Logistics is big business. Just about everything in the room you’re sitting in was delivered on a boat, a plane or a train and was then transferred to and delivered by an automobile. This piece of insight from audiobook “The Millionaire Mind” would change the trajectory of Marvin Walker’s career.
Walker, the founder and CEO of Day Runner, is a seasoned entrepreneur. It started when he was growing up in Guyana, South America. Helping his dad with the family plantain business pre-Ziplock era at the ripe young age of 5, Walker found himself a key role in the supply chain, folding and sealing the bags with candle wax.
Years later, he ventured into the logistics industry, where he saw the potential to change a broken system — and he seized it.
Walker sold his house, emptied out his retirement and started developing the technology to facilitate a new logistics model. In 2017, Walker launched the Day Runner app, the first national brand for on-demand B2B deliveries, which soon expanded into the consumer market.
Walker describes the app as a hybrid of FedEx and Uber, making it convenient and fast for anyone to find the nearest “runner” with a vehicle to fit each specific delivery. The app allows customers to get all the details on the driver as well as up-front costs, real-time tracking and confirmations. Once the delivery arrives at its intended destination, Day Runner automatically charges the credit card on file.
But, while the Day Runner app is revolutionizing deliveries for businesses and consumers, Walker’s true focus lies with the drivers. He has lived all the pain points of being a driver and addresses them with Day Runner.
After Walker’s family moved to the States in 1982, Walker graduated high school and served in the Marines — where he developed his strong work ethic — before launching his own music marketing business.
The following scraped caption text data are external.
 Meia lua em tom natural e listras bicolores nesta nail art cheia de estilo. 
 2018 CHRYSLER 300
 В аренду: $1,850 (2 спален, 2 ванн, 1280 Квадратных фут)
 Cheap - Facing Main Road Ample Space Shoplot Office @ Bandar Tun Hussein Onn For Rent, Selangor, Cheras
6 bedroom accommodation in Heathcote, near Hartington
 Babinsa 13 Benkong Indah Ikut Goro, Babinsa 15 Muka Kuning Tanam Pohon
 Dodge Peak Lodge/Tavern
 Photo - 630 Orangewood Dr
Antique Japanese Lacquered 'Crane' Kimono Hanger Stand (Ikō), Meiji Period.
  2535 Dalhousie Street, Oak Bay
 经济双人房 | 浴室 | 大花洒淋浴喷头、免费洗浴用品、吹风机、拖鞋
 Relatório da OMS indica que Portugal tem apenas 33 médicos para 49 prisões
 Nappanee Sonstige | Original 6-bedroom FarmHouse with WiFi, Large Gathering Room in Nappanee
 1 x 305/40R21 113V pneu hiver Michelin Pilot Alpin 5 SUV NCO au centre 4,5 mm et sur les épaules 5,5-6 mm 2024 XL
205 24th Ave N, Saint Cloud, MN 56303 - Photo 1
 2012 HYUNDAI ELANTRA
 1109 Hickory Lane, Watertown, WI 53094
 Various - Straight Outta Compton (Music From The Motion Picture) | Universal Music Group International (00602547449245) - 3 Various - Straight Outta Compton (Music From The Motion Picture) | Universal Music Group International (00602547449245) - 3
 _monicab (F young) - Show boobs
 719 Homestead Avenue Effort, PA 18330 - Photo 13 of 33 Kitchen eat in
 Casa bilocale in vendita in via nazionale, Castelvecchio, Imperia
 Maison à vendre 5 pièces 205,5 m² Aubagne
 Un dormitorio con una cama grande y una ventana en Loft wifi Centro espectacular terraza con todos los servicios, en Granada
But the economic downswing, along with the rise in online technology and apps that disrupted the music industry, caused Walker’s once successful business to dissolve. He went looking for financial stability, and he found it in the logistics space.
He also found ample room for improvement.
Walker contracted with his first company as a driver, using his own vehicle and taking on all of the fuel and maintenance expenses. His employer offered to compensate Walker 35 percent of the total delivery fee, with 65 percent going back into the company’s pockets. Walker’s request to get the simple compensation structure in writing was unmet. But, finding himself in need of a paycheck, Walker started work with the company anyway.
“Sure enough, there came a time when I made the exact same delivery, with the exact mileage, and somehow the pay was different. It didn’t make sense,” Walker recalls.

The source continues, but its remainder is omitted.